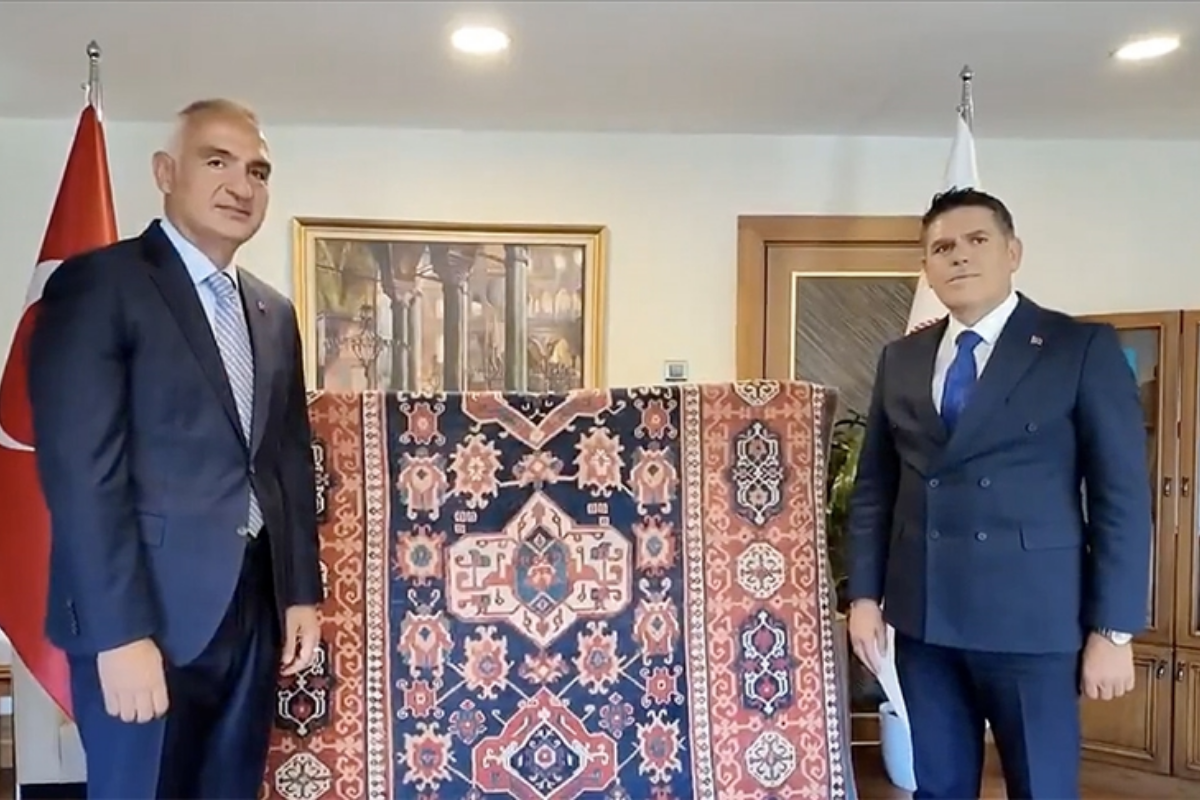 5 asırlık Uşak halısı yuvaya döndü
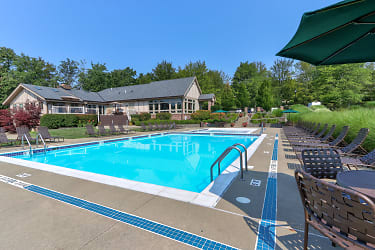 Hickory Hills Apartments - Wexford, PA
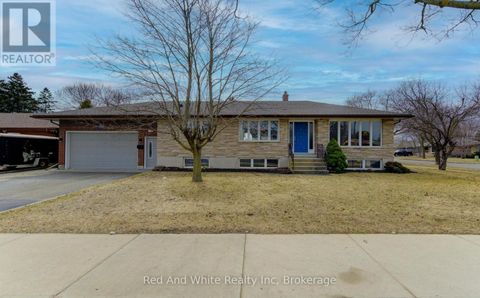 449 GREENFIELD AVENUE Kitchener ON N2C1E9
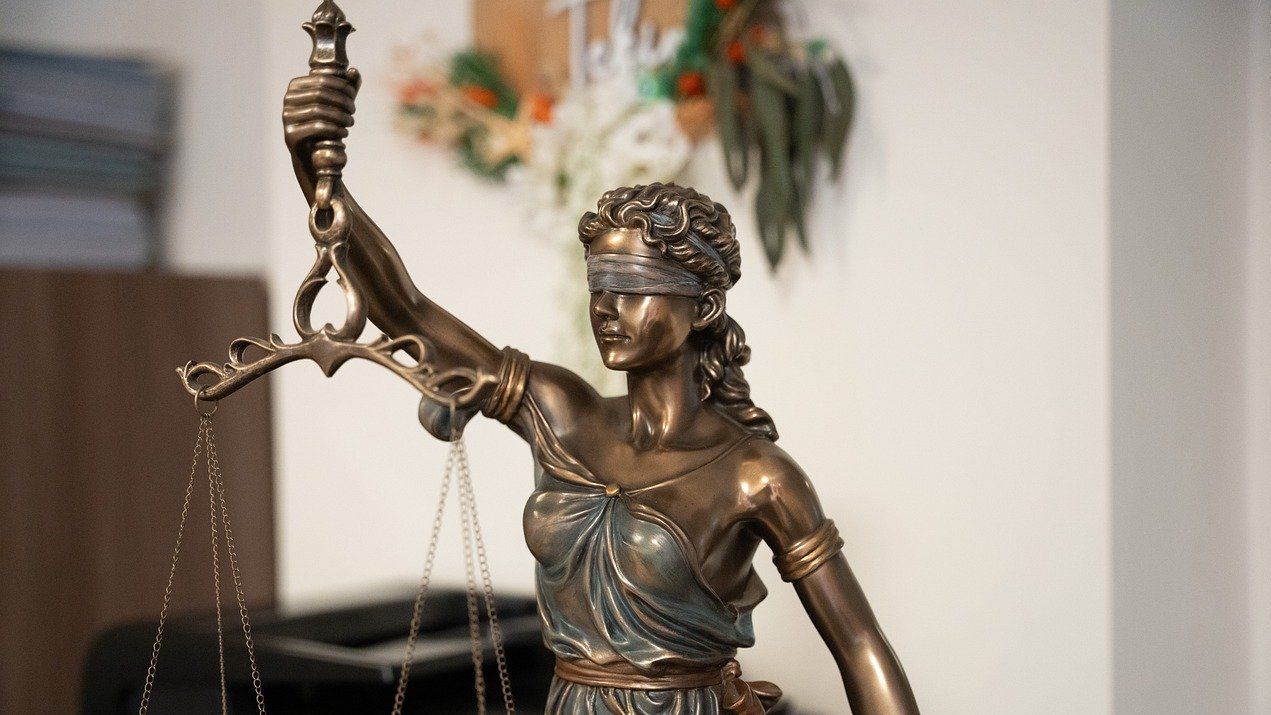 „Задържане под стража“ за мъж, системно следил бившата си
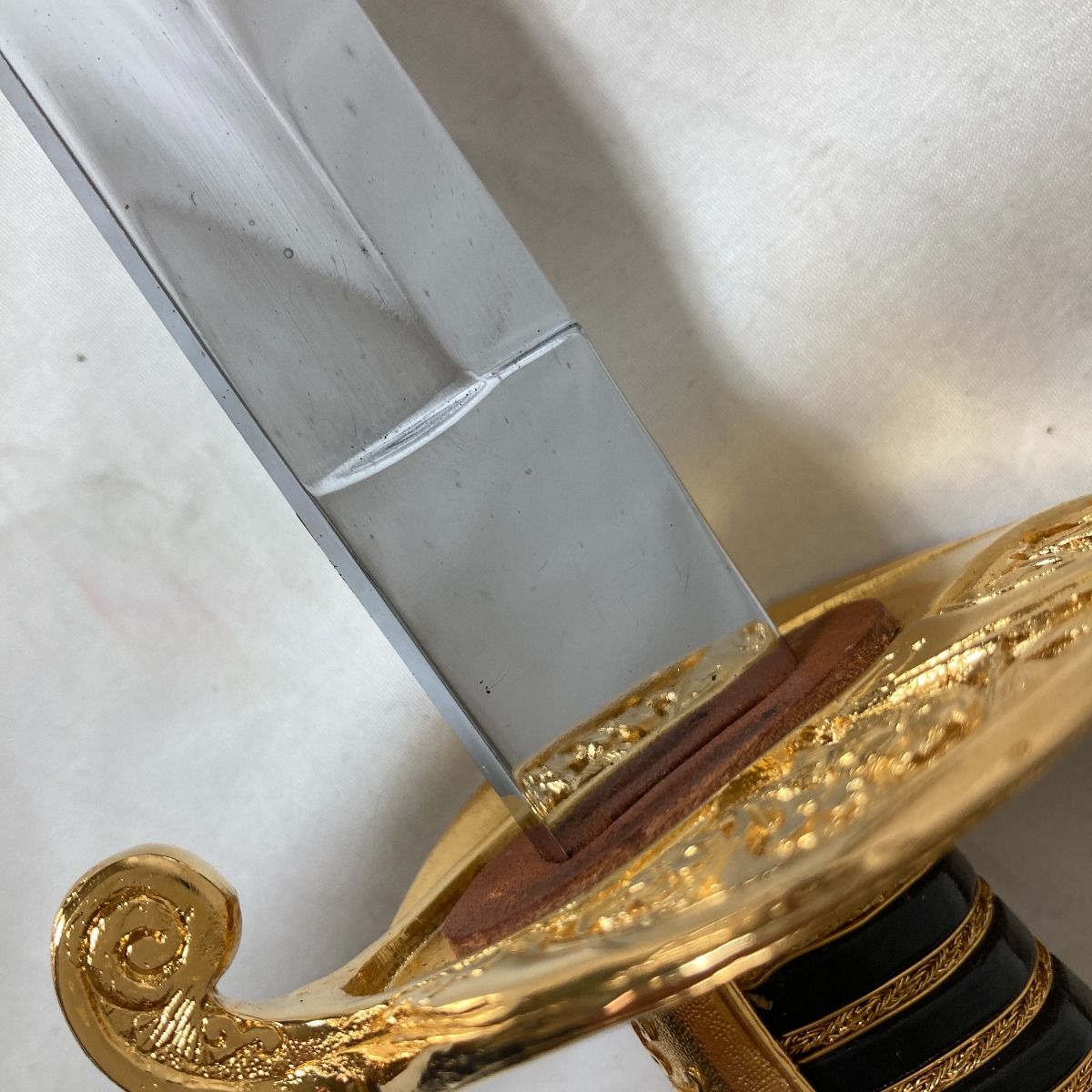 乃木大将の儀礼刀　模造刀　美品 ◎◎ 模造刀 乃木大将の儀礼刀 乃木儀礼刀木製刀立て付 - メルカリ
※
- [PROBLEM REQUIREMENTS]: Retype all the entries exactly; drop the pictures.

- [WRITTEN ANSWER]:
 5 asırlık Uşak halısı yuvaya döndü
 Hickory Hills Apartments - Wexford, PA
 449 GREENFIELD AVENUE Kitchener ON N2C1E9
 „Задържане под стража“ за мъж, системно следил бившата си
 乃木大将の儀礼刀　模造刀　美品 ◎◎ 模造刀 乃木大将の儀礼刀 乃木儀礼刀木製刀立て付 - メルカリ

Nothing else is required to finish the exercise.